:: DIRECTIONS ::
A word-for-word copy of the data is what's wanted, with no pictures.

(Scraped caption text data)
◇ ◇ ◇ ◇

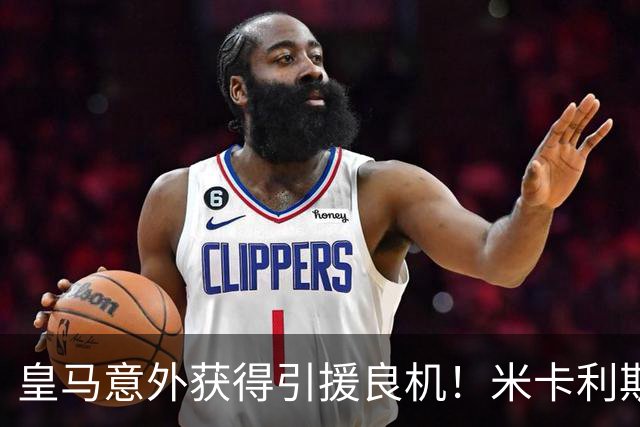 皇马意外获得引援良机！米卡利斯特或成为新中场核心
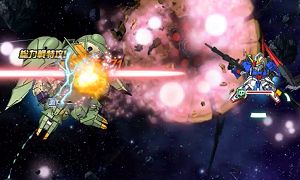 画像ギャラリー No.007のサムネイル画像 / 「SDガンダムオペレーションズ」に巨大MS「クィン・マンサ」が登場する総力戦&超総力戦イベントが開催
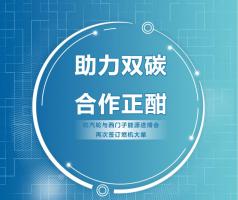 助力双碳,合作正酣---杭汽轮与西门子能源进博会再次签订燃机大单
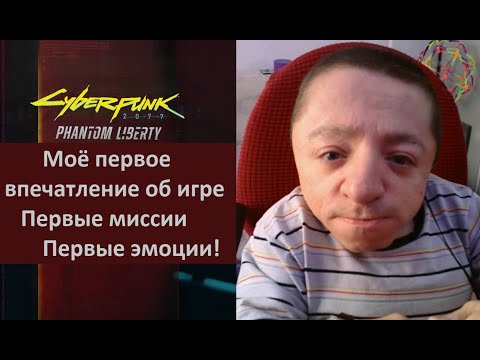 Видео: Впервые #играю в #Cyberpunk 2077 / Начал с Кочевника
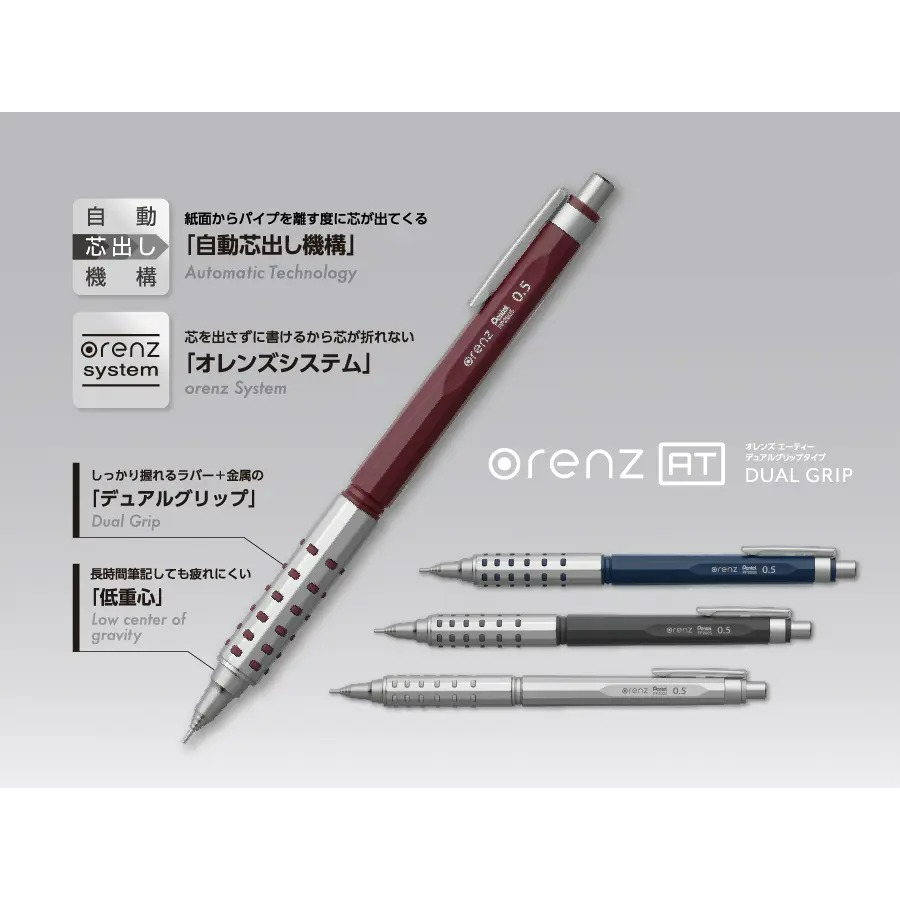【中島商店】 Pentel XPP2005 Orenz AT DUAL GRIP 自動鉛筆 0.5mm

◇ ◇ ◇ ◇

:: RESPONSE TO THE TASK ::
 皇马意外获得引援良机！米卡利斯特或成为新中场核心
 画像ギャラリー No.007のサムネイル画像 / 「SDガンダムオペレーションズ」に巨大MS「クィン・マンサ」が登場する総力戦&超総力戦イベントが開催
 助力双碳,合作正酣---杭汽轮与西门子能源进博会再次签订燃机大单
 Видео: Впервые #играю в #Cyberpunk 2077 / Начал с Кочевника
【中島商店】 Pentel XPP2005 Orenz AT DUAL GRIP 自動鉛筆 0.5mm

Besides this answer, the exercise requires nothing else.